Naming rights


Naming rights


12/01/2017

Northamptonshire Archives hold a 1756 plan of Chester Farm. Simply drawn but nonetheless enormously useful to us. In beautiful copper-plate handwriting it names every field and marks every building.

 
It was drawn on skin, probably sheep's skin and as a result is irregularly shaped and quite small, just 635mm by 575mm at its widest and deepest. It is ink drawn with some few lines shaded in red. In one corner every field is marked with its ARP, that is, its size in acres, roods and perches.

The whole Chester Farm estate at that time being 107 acres, 1 rood and 9 perches.
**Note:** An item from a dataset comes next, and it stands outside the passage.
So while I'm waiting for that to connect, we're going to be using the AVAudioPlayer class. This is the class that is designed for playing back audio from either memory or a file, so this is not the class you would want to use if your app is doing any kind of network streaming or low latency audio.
One rood is a quarter of an acre and there are 40 perches in one rood.

Some of the names like Cherry Tree Ground, Upper Pear Tree Close and Nether Pear Tree Close are self-explanatory. Others like Nether Lug and Upper Lug need more research and the area that we call 'Badger Wood', as they have clearly taken it on as their own, was known simply as Twitch.
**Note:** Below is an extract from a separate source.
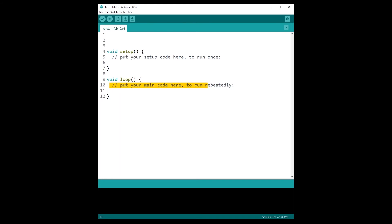So we're going to come back to those functions quite a few times in this course, but basically what you will write inside the void setup function is the code to initialize your program. For example, to initialize variables, to set up a sensor, or to set up a communication. So everything that you need to set up at the beginning of your program and that you basically need to set up once.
The Bleaching Ground close by the farm buildings would have been where washing would have been laid out. Spreading laundry in the sun was the best way of whitening it and the stretch of grass set aside for this purpose was called a bleaching ground or green.  Also close to the house is Bee Yard, Fruit Garden, Kitchen Garden, Wood Yard, Hog Close and Shady Walk.

The field where the new visitor car park now is was called Leys, which meant land under temporary grass. The water meadow, then split in two by a water channel, was called Great Holm and Little Holm. Holm translates as either flat ground by a river or an islet – both true in this case as both fields form islands surrounded by the Chester River and the Nene.

Where the Roman walled town is found, in 1756 was three fields. These were ned Great Cinquefoil Close, Little Cinquefoil Close and Burrow.

Cinquefoil is a plant with five lobed leaves like clover which is used as a fodder crop. The words 'Roman Fortification' are written on all four sides and at the time the plan was produced some of those walls would still have been standing.

In England the process of Enclosure began during the 16th century and it became a widespread feature of the agricultural landscape, with common land ceasing to be for communal use. The word field came to mean only the unenclosed and open arable land; most of what would now be called 'fields' would then have been called closes.

The path along the Roman north ramparts which takes you from the visitor car park towards Chester Farm is marked as The Drift – so that is what we will call it from now on.